* _Your goal_: The whole listing, apart from its images, should be restated word for word.

··· Given data ···

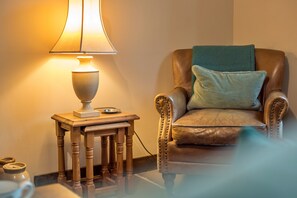 Ein Ledersessel mit Kissen, ein Holztisch mit Lampe und eine kleine Schale.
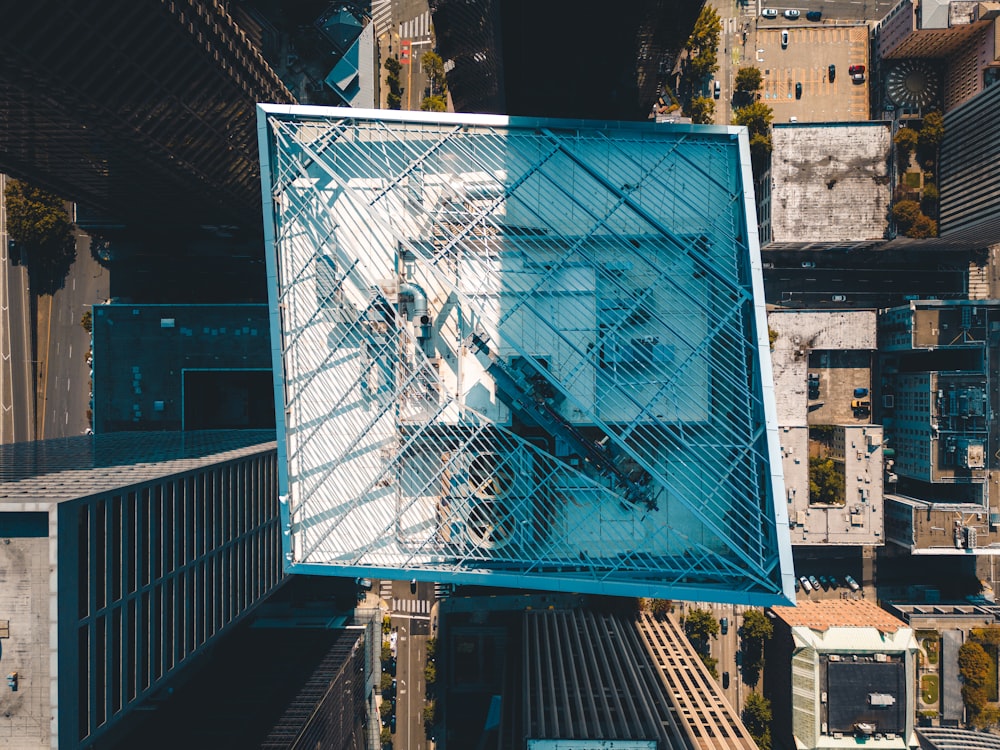 an aerial view of a building with a glass structure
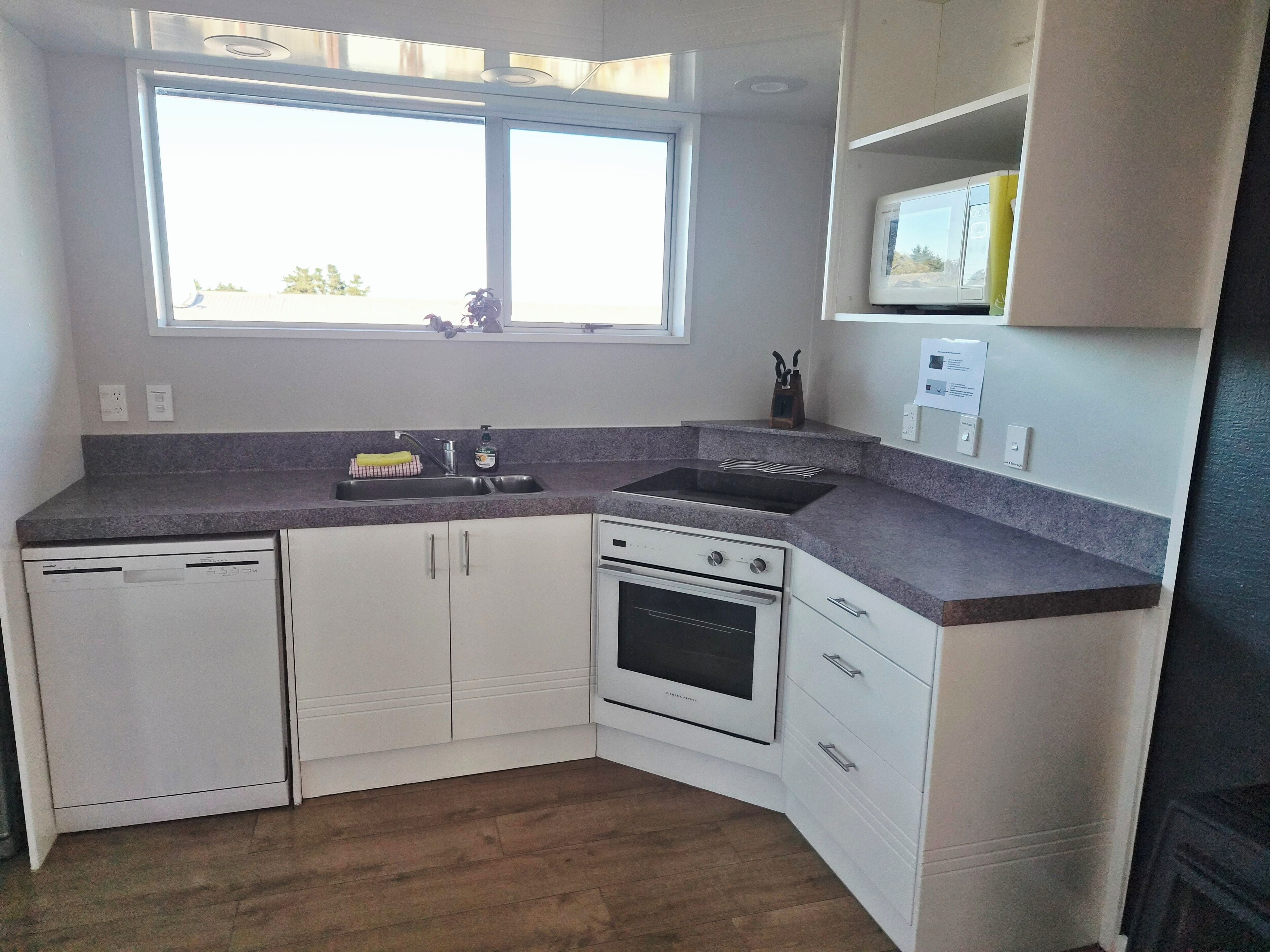 A kitchen with white cabinets, a built-in oven, a sink, and a window above the sink.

···

* _Problem solution_:
 Ein Ledersessel mit Kissen, ein Holztisch mit Lampe und eine kleine Schale.
 an aerial view of a building with a glass structure
 A kitchen with white cabinets, a built-in oven, a sink, and a window above the sink.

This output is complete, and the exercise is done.